True crime fans are spoiled for choice, with the genre ever-growing in popularity and plenty of fascinating reads available, both old and new.
Here are some of our favourite extracts published on True Crime Australia.
In the eyes of her neighbours and friends Dulcie Bodsworth was caring and kind, a woman loved everywhere she went. But daughter Hazel saw the real Dulcie — a cold, calculating killer. Dulcie
would be charged with killing three people — and it was a teenaged Hazel that dobbed her in. In this extract from My Mother, A Serial Killer, written with Janet Fife-Yeomans, she describes
the day one of the victims, her own father, was found drowned.
The remarkable efforts that Mark and Faye Leveson went to to find the body of their son Matthew, who disappeared in 2007, aged 20, are detailed in our extract from Grace Tobin’s Deal with
the Devil. The grieving parents launched their own search, digging in bushland for their son’s remains after Mark calculated a “body disposal timeline” to pinpoint likely burial spots — a
gory mission tackled with both determination and distress at what they might find. They also agreed to talk to the suspect in Matt’s death wearing a hidden listening device provided by
police despite being “paralysed with dread”. “Do it for Matt, they told themselves.”
Author Rachel Cassidy — herself a victim of stalking — gives voice to other Australians who have been targeted in a book that also provides information on the resources available to help. In
one of our two extracts, “Helen” says she never feels safe after ongoing stalking by “Greg”, that has changed her life forever. “I’m not friendly to people any more,” she says. “I used to
walk along the street and smile, but now I don’t acknowledge people I meet — even if they’re 80, I don’t feel I can smile at them because that’s letting them in.” For author Cassidy, the
most challenging encounter for the book is with “James”, a stalker who, despite the experience of being jailed, cannot say what he would do if he came face-to-face with “Carly”, the woman he
targeted, again. “I know I haven’t felt this way about anyone else in my life, or anyone I met before Carly,” he says.
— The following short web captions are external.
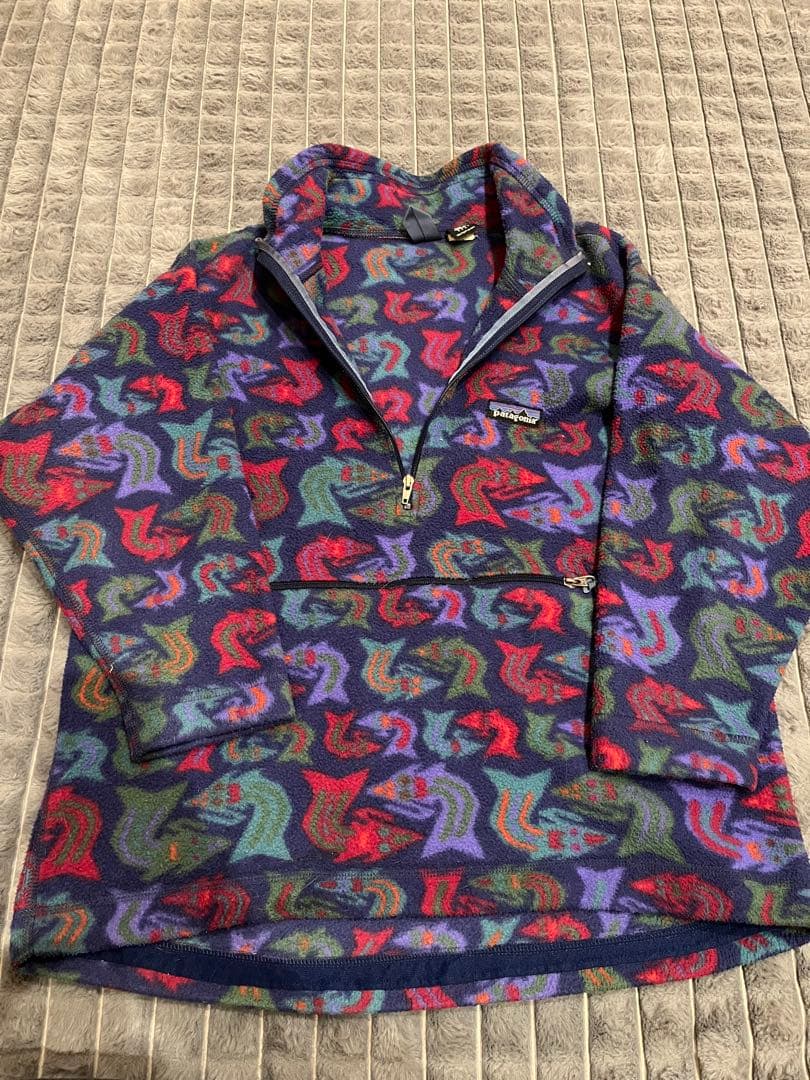 パタゴニア　キッズ　総柄　スナップt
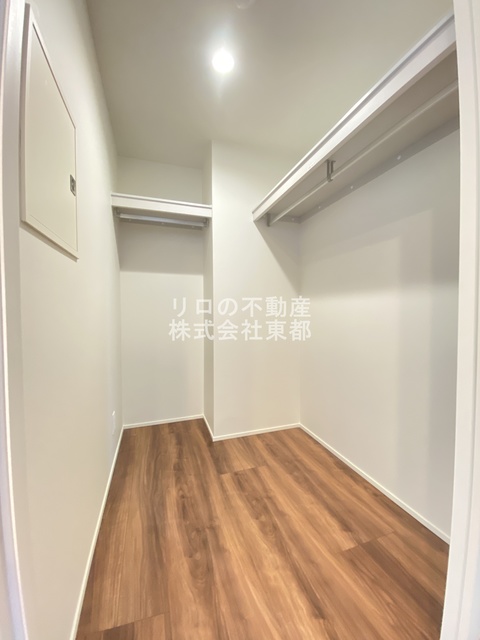 収納　奥行のあるウォークインクローゼットならお荷物多い方でも安心☆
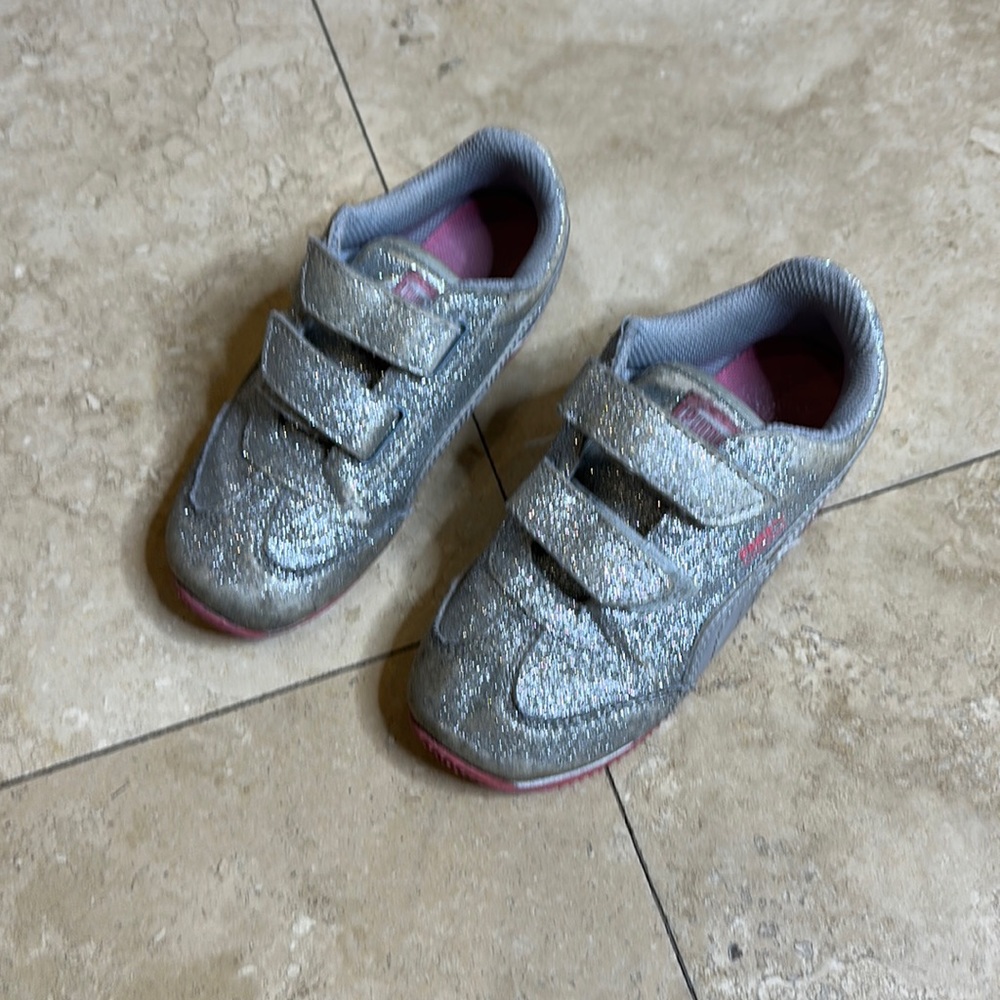 Puma Toddler girls sparkling sneakers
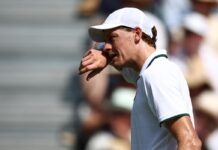 Sinner perde un set a Wimbledon e ‘preoccupa’: “Che gli succede?”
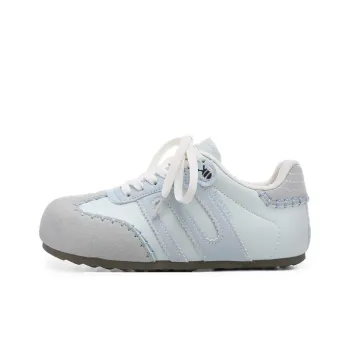 The New Age Family Low Top Skateboard Shoes Women's Light Blue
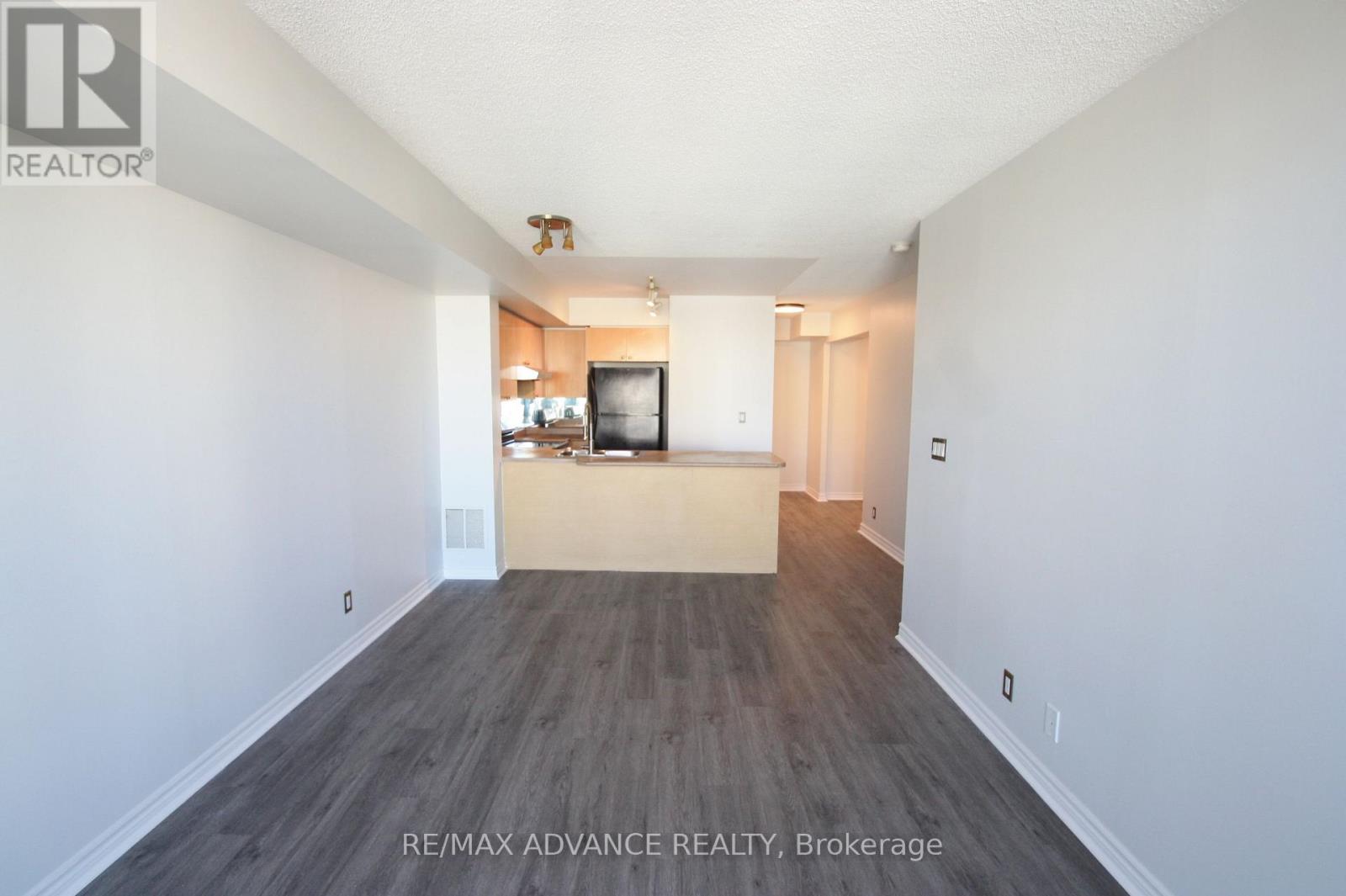 1601 - 1 Elm Drive W, Mississauga, Ontario  L5B 4M1 - Photo 4 - W14096410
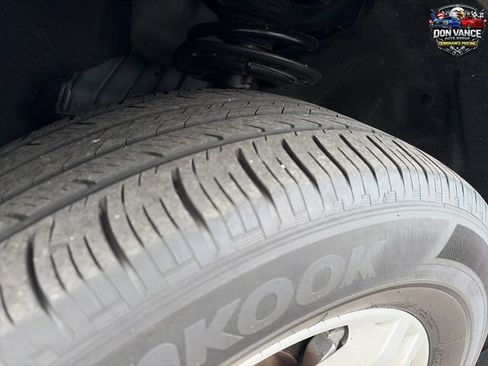 Used 2023 Ford Explorer XLT w/ Equipment Group 202A AWD/4WD image 28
The authorities were left red-faced when notorious drug lord Tony Mokbel skipped bail during a cocaine smuggling trial, then evaded capture to hole-up in Bonnie Doon before eventually
sailing to Greece. If that wasn’t bad enough his girlfriend was separately outwitting “Interplod” to join him in his Mediterranean hideaway for a life in the sun, bankrolled by Mokbel’s drug
empire back home. In our extracts from Liam Houlihan’s Bigwig: The Remarkable Rise and Fall of Tony Mokbel , we learn of the remarkable escape and the breakthrough that eventually saw
Mokbel tracked down, with the shocked fugitive telling police: “I don’t know how you did it, but you’ve done a brilliant job.”
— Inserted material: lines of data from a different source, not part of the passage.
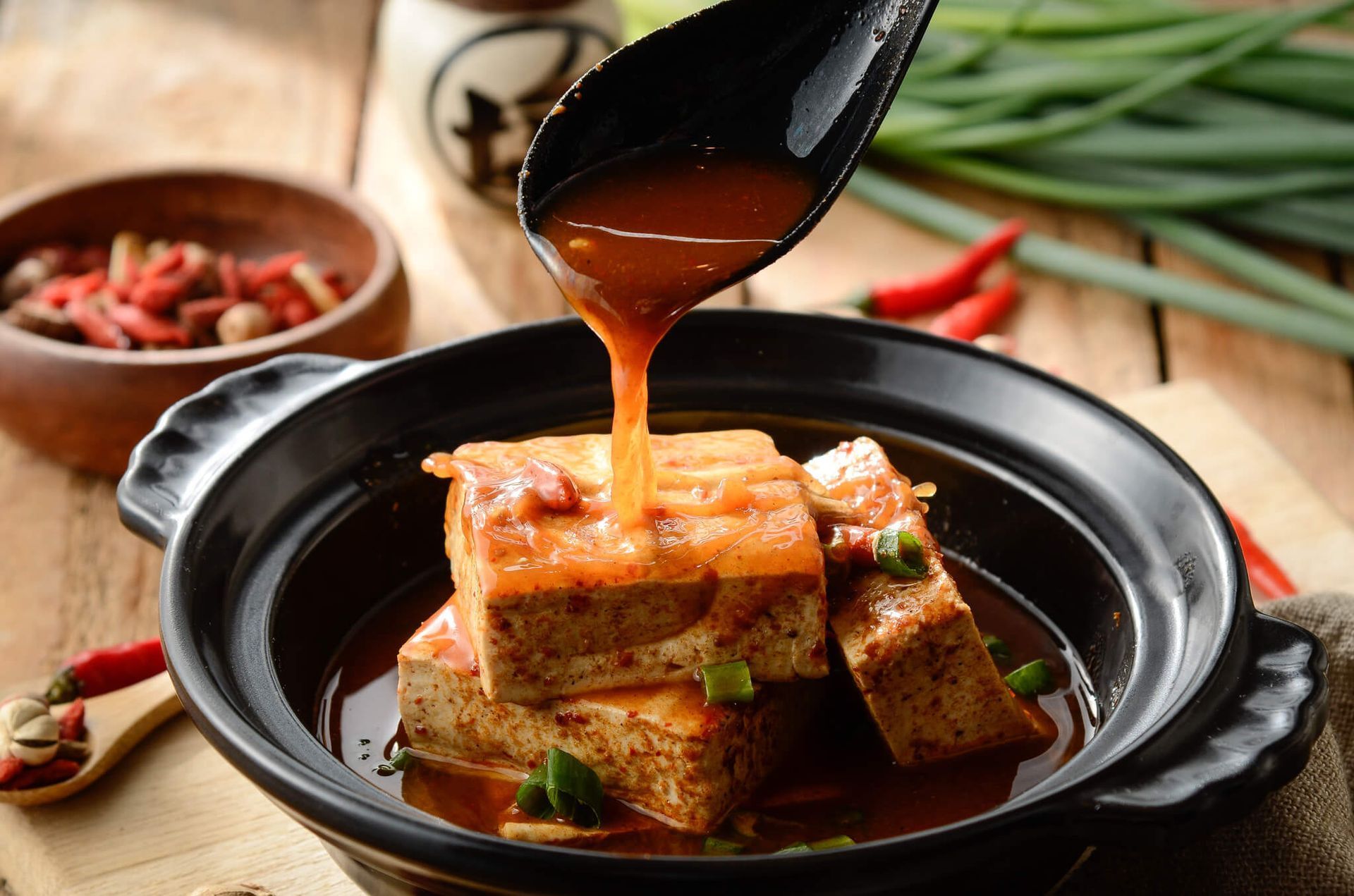 【素食】冷藏-麻辣臭豆腐鍋-總重(小包/5塊入620克)含湯底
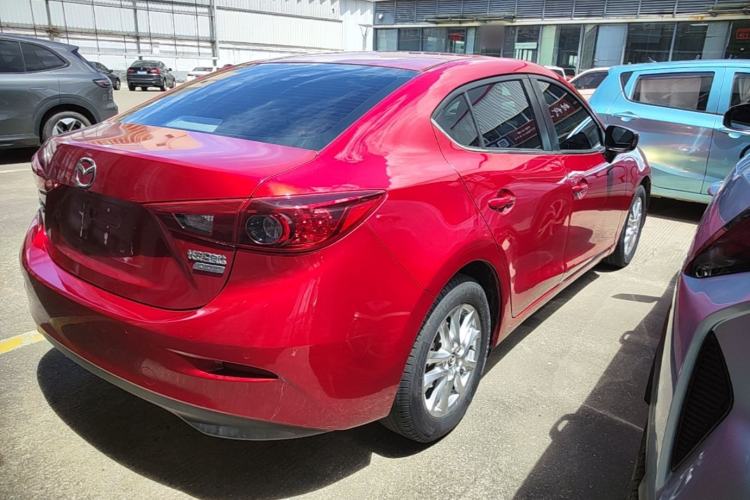 Used Mazda 3 Axela 2016 Sedan 1.5L Automatic Luxury Model
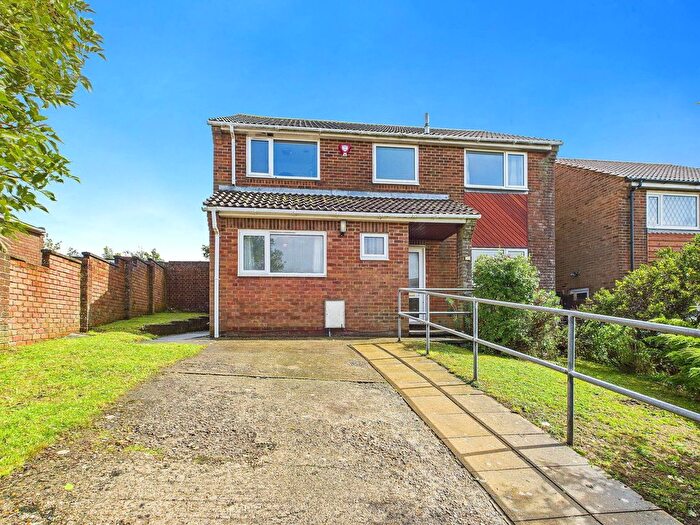 5 Bedroom Detached House For Sale In Shenfield Way, Brighton, BN1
Imagine discovering the charming drinking buddy you had known for years was a multiple murderer. That’s just what happened to Campbell McConachie, whose pal was the now infamous Lindsey
Rose, guilty of five murders in the 1980s and 90s. McConachie realised the truth like most people, with reports of an arrest on the TV news, and couldn’t let it go. Compelled to learn more
he studied court files and went on to interview Rose in jail more than 25 times for his book The Fatalist, which was short-listed in the Best True Crime category at the 2018 Ned Kelly
Awards. Read our extract here.
Writer Paul Verhoeven offers an entertaining take on policing in the 1980s through the eyes of his dad, a retired Sydney policeman. John Verhoeven remembers events both dramatic and dodgy,
dealing with the crims on the streets and navigating the ethical grey areas at play in the force. In our extract, John and his partner are on their way to solving what they would later dub
The Case of the Cardigan and the Jewellery Penis — but can they keep the glory for themselves?
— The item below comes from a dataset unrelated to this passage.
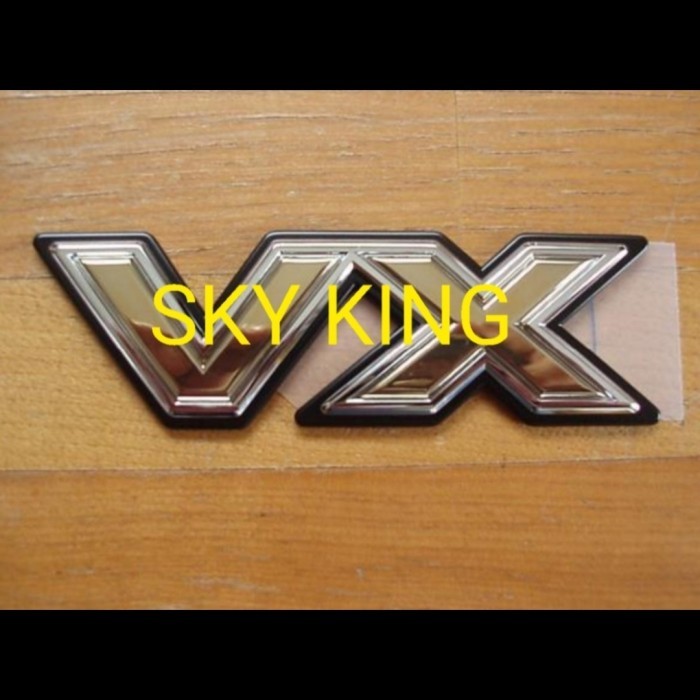 Emblem Simbol Logo Belakang Tulisan Land Cruiser LC VX 80 VX80 LC80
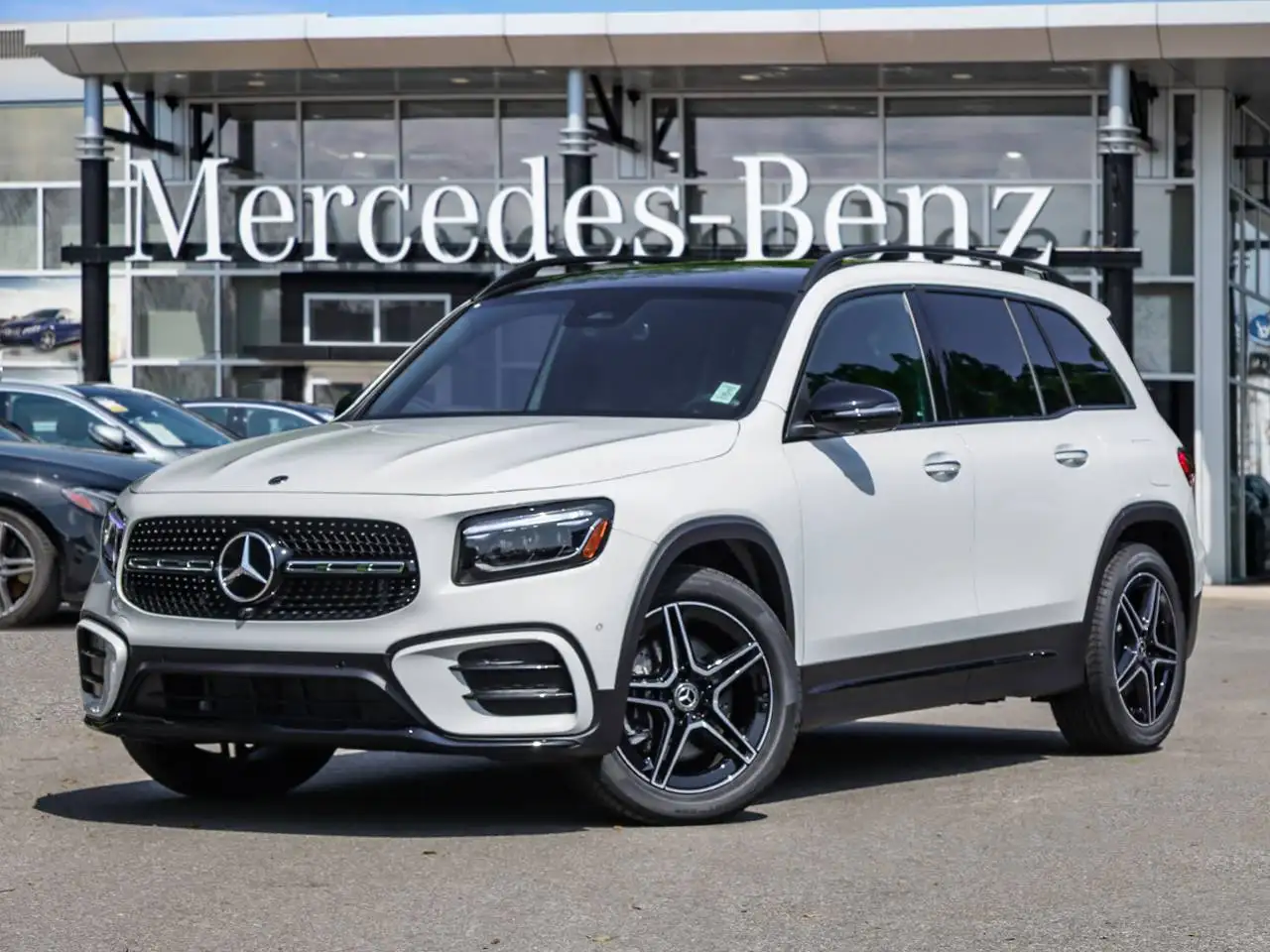 Mercedes-Benz GLB снимка Mercedes-Benz GLB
Caroline Overington’s book on the unprecedented case of Louisa Collins, hanged in 1889 after four trials, highlights both the potential injustice and barbaric nature of her death. Accused
over the alleged arsenic poisoning of two husbands, Collins, a mother of 10, faced three juries that failed to convict, before a fourth found her guilty. When she finally faced the gallows,
the hanging was badly botched, but her terrible death was far from unusual for the time. In our extract, Overington describes another brutal death at the hands of the authorities, that of
Michael Magee in the first public hanging in South Australia.
An extract from Charles Miranda’s Deception on the downfall of one of Australia’s most senior crime fighters, Mark Standen, following the most sensitive and convert police operation in law
enforcement history.
In 1862, a gang of bushrangers pulled off an incredible and bloody heist at Eugowra, NSW, escaping with a pile of cash and a staggering 77kg of gold. James Phelps tells the full story of
Australia’s biggest-ever robbery in Australian Heist.
Leading QC Bill Hosking looks back at some of the cases from his career as a criminal barrister in his book Justice Denied, with this extract on the 1970s’ case of “Lady Chatterley’s Lover”,
highlighting a jury decision that “left me and my client stunned”.
It took an elaborate undercover police operation featuring a fake crime network to catch Brett Peter Cowan. In this extract from Kate Kyriacou’s The Sting, police investigating the Sunshine
Coast abduction build their relationship with their suspect, who finally reveals to a bogus ‘Mr Big’ that he killed Daniel Morcombe.
In an extract from his book Last King of the X, Sydney nightlife identity John Ibrahim reflects on the moment his little brother Fadi was shot five times by a would-be assassin, and how
Fadi’s wife Shayda saved him from certain death despite being hit by one of the bullets herself.